◆ TRY IT
Restate each entry shown beneath this instruction, keeping its wording intact.

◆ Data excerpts
────────────────

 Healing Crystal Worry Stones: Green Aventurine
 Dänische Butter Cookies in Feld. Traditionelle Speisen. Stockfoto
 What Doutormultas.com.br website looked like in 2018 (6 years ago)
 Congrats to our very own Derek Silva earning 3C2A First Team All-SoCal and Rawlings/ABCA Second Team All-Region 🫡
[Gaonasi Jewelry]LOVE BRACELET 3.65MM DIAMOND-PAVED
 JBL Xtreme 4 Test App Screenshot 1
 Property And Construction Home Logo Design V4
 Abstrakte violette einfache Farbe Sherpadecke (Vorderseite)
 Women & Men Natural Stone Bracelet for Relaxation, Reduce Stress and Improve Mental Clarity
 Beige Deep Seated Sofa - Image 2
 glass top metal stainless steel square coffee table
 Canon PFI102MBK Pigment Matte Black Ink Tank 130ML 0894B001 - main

────────────────

◆ ANSWER SECTION
 Healing Crystal Worry Stones: Green Aventurine
 Dänische Butter Cookies in Feld. Traditionelle Speisen. Stockfoto
 What Doutormultas.com.br website looked like in 2018 (6 years ago)
 Congrats to our very own Derek Silva earning 3C2A First Team All-SoCal and Rawlings/ABCA Second Team All-Region 🫡
[Gaonasi Jewelry]LOVE BRACELET 3.65MM DIAMOND-PAVED
 JBL Xtreme 4 Test App Screenshot 1
 Property And Construction Home Logo Design V4
 Abstrakte violette einfache Farbe Sherpadecke (Vorderseite)
 Women & Men Natural Stone Bracelet for Relaxation, Reduce Stress and Improve Mental Clarity
 Beige Deep Seated Sofa - Image 2
 glass top metal stainless steel square coffee table
 Canon PFI102MBK Pigment Matte Black Ink Tank 130ML 0894B001 - main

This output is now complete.